The King of Denmark's Lensmand of Christianopel len
- In office 1612–1625

The King of Denmark's Lensmand of Visborg len
- In office 1625–1627

The King of Denmark's Lensmand of St. Peter's Priory, Lund
- In office 1627–1650

Personal details
- Born: 2 January 1583 Odense, Denmark
- Died: 7 July 1650 (aged 67) Copenhagen, Denmark
- Spouse: Christine Frantzdatter Rantzau
- Awards: Knight of the Elephant (1648)

Military service
- Branch/service: Danish Army
- Years of service: 1611-1612 1625-1647
- Rank: Colonel
- Unit: Scanian Regiment
- Battles/wars: Kalmar War; Torstenson War;

= Falk Lykke =

Danish nobleman (1583–1650)

Falk Lykke (2 January 1583 – 7 July 1650) was a Danish nobleman, fief-holder, Colonel of the Scanian Regiment, and Knight of the Elephant.

Lykke participated in the Kalmar War as captain in Gert Rantzau's regiment of foot, receiving Christianopel as a fief after the war. This he in 1625 exchanged for Visborg which meant he was in-charge of the whole island of Gotland; in its turn exchanged for St.
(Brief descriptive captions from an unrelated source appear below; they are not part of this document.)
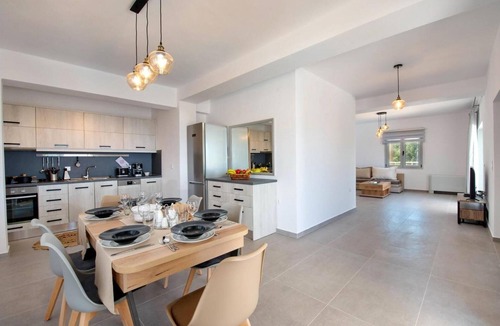 Paxos Villa | Vasiliki Villa - Charming 4 BR Villa With Pool and sea Views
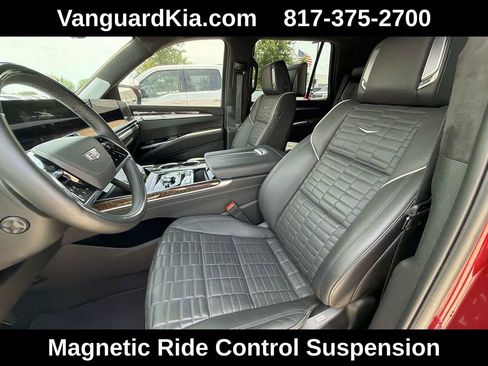 Used 2025 Cadillac Escalade Premium Luxury Platinum RWD image 15
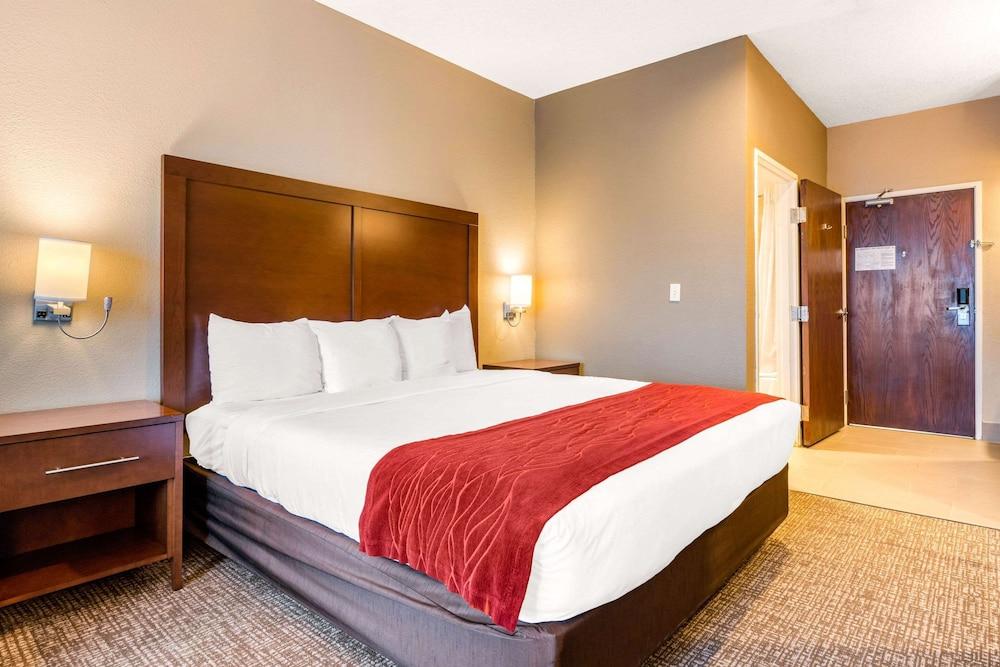 Comfort Inn Lathrop - Stockton Airport photo 9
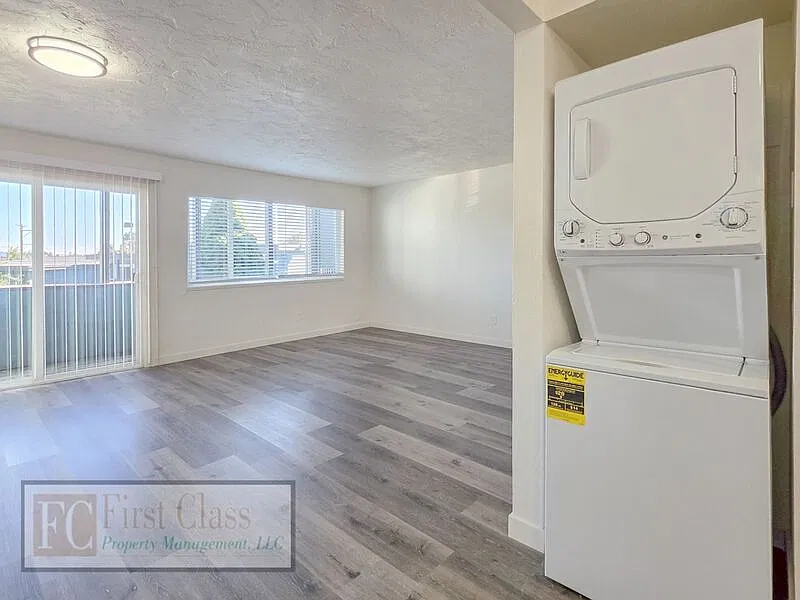 1 bed, 1.0 bath, 590 sqft, $1,345 — Photo 2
Peter's Priory in Lund two years later. Lykke was a representative of the nobility of Skåne at several Diets. After the death of Anders Sincklar in 1625, Lykke became colonel of the Scanian Regiment. During the Torstenson War he and his regiment were stationed in Elsinore; a period characterized by severe conflicts between him and the local citizenry. After that war, Lykke resigned from his colonelcy, but was rewarded with a knighthood.

Lykke was married to Kristine Rantzau. He held Skovgård in Jutland, and Bollerup, Kronovall and Gersnæs in Skåne, in allodial possession.